By Melissa J. Anderson

Earlier this summer, the Boy Scouts of America ignited a firestorm of controversy after announcing a secret 11-member internal council had decided that openly gay scouts and troop leaders would not be welcome within the 102 year-old institution.

Two of the group’s board-members, Ernst & Young CEO Jim Turley and AT&T CEO Randall L. Stephenson, both spoke out against the policy and announced they would work to turn the decision around internally.

The response by National President Wayne Perry and Chief Scout Executive Robert Mazzuca was clear – they don’t expect change anytime soon. The Huffington Post reported:

“The Boy Scouts of America respects the opinions of our board members and are thankful for their leadership,” the statement said. “While we have supporters and board members with different viewpoints on this issue, and who may choose a different direction for their organizations, we believe that good people can personally disagree on this topic and still work together.”

The statement says a lot about how the BSA leadership sees the situation: an abstract conflict of ideas, one over which people are invited to politely agree to disagree. What they don’t grasp is the real affect it has on the organization’s membership. They are, in essence, telling boys across the country that not only is being gay not okay, but inclusion is not a core value of the group. While even the military has put an end to Don’t Ask Don’t Tell, the Boy Scouts has new implemented its own insidious brand of the policy.

But the involvement of Turley and Stephenson has brought another issue to light – how can (or should) leaders embody the values of their organizations outside the corporate space?

Leaders as Change Agents

If a senior leader seeks to be an agent of change within their company, how important and visible are their actions within the company?

Turley, whose firm Ernst & Young has consistently received a 100 percent rating on the Human Rights Index, gave a statement following the BSA’s policy announcement that he hoped to change the organization’s stance on inclusion. GLAAD reported:

“My experience has led me to believe that an inclusive environment is important throughout our society and I am proud to be a leader on this issue.
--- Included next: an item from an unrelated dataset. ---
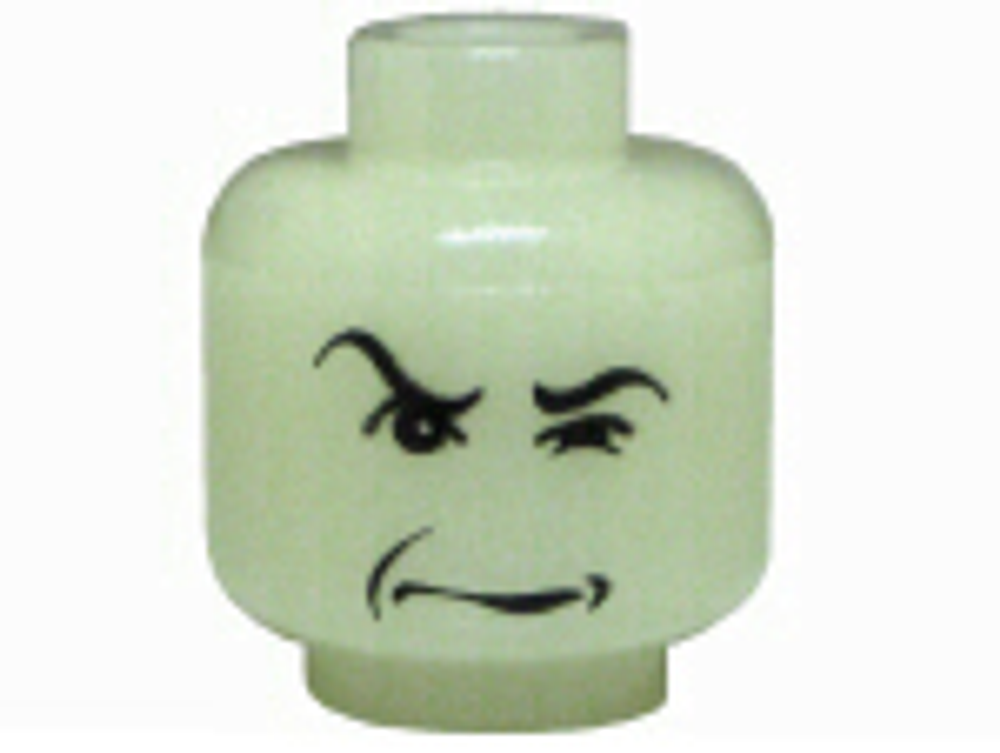 Голова 3626pb0002, Glow In Dark Opaque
I support the meaningful work of the Boy Scouts in preparing young people for adventure, leadership, learning and service, however the membership policy is not one I would personally endorse. As I have done in leading Ernst & Young to being a most inclusive organization, I intend to continue to work from within the BSA Board to actively encourage dialogue and sustainable progress.”

By coming out strong on this issue, Turley is living up to his values. But is it enough to simply release a statement about the potential for change? What else can leaders do to show their devotion to inclusion?

Corporate Philanthropy

While making statements is one thing, one way to measure support for inclusion is to see where companies dedicate their dollars. Recently, Intel said it would no longer fund the BSA because of its discriminatory policy. Previously, the organization had donated up to $700,000 per year to individual Boy Scout troops and Councils based on an employee volunteer matching program.
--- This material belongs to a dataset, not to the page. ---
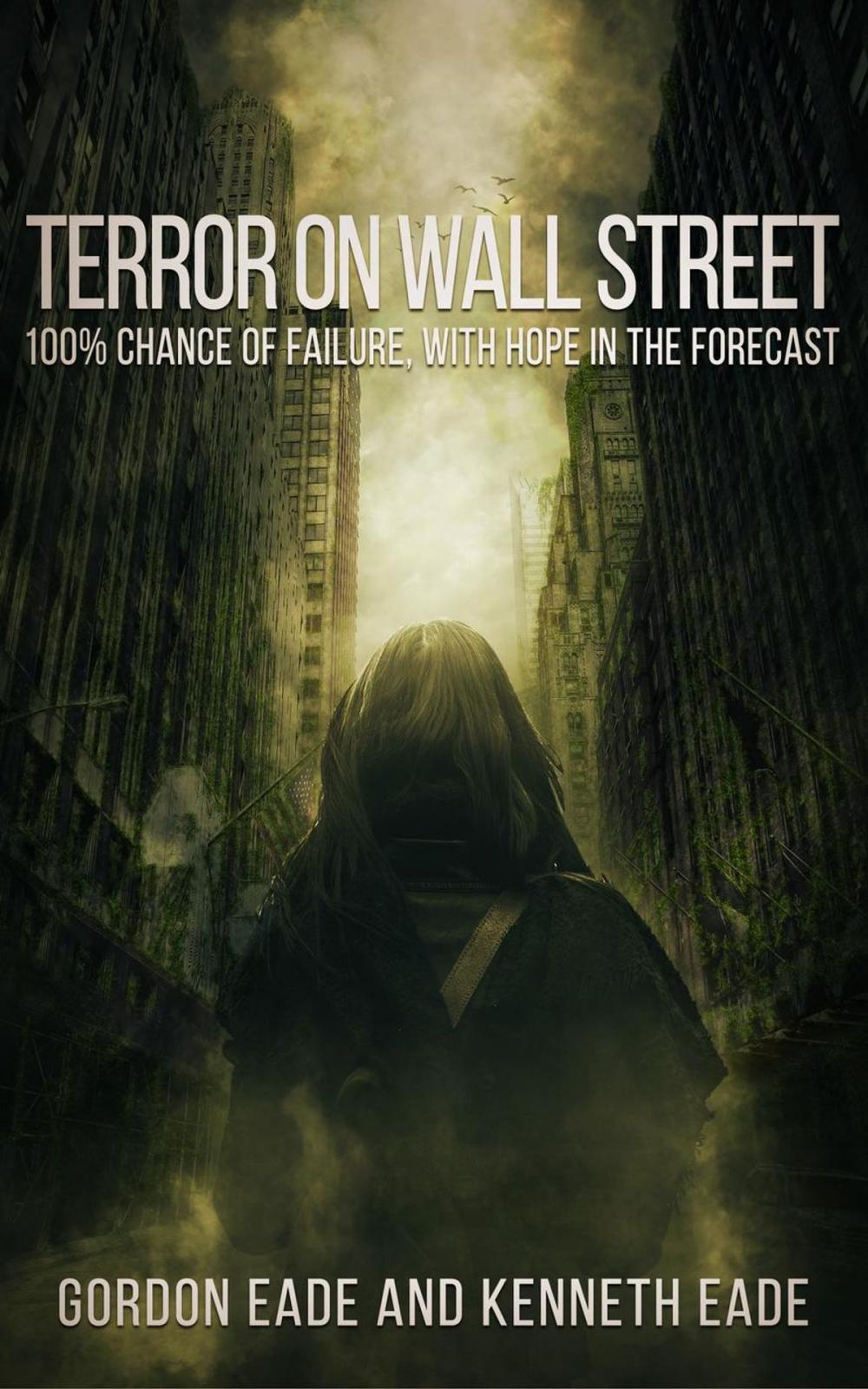Big bigCover of Terror on Wall Street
Intel Chief Diversity Officer Rosalind Hudnell told ThinkProgress:

“In an effort to recognize our employees commitment to the communities we call home, Intel expanded its volunteer matching grants program in 2009.  Through it, Intel matches the amount of time employees’ volunteer with non-profits with dollars from the Intel Foundation. Due to significant growth in the number of organizations funded, earlier this year we revisited our policies associated with the program, and applied new rigor that requires any organization to confirm that it adheres to Intel’s anti-discrimination policy in order to receive funding.”
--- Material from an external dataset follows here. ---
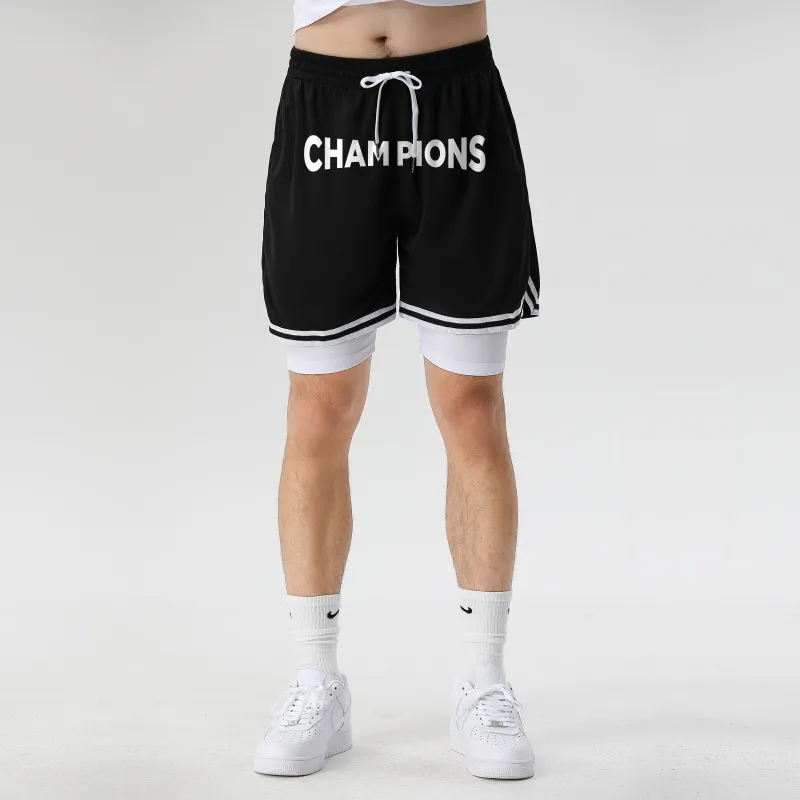 Manchester City F.C. Sports Shorts Unisex-19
Intel can still provide funds to individual troops, but only those that have disavowed the BSA’s discriminatory national policy. The Boy Scouts is a popular organization, and this policy is bound to be unpopular with some Intel employees who support the group, regardless of whether they support the discriminatory policy against LGBT scouts and troop leaders. But by sticking to its principles, Intel and its leadership are sending a clear message about the importance of inclusion, to the company’s employees, potential employees, customers and clients, and society at large.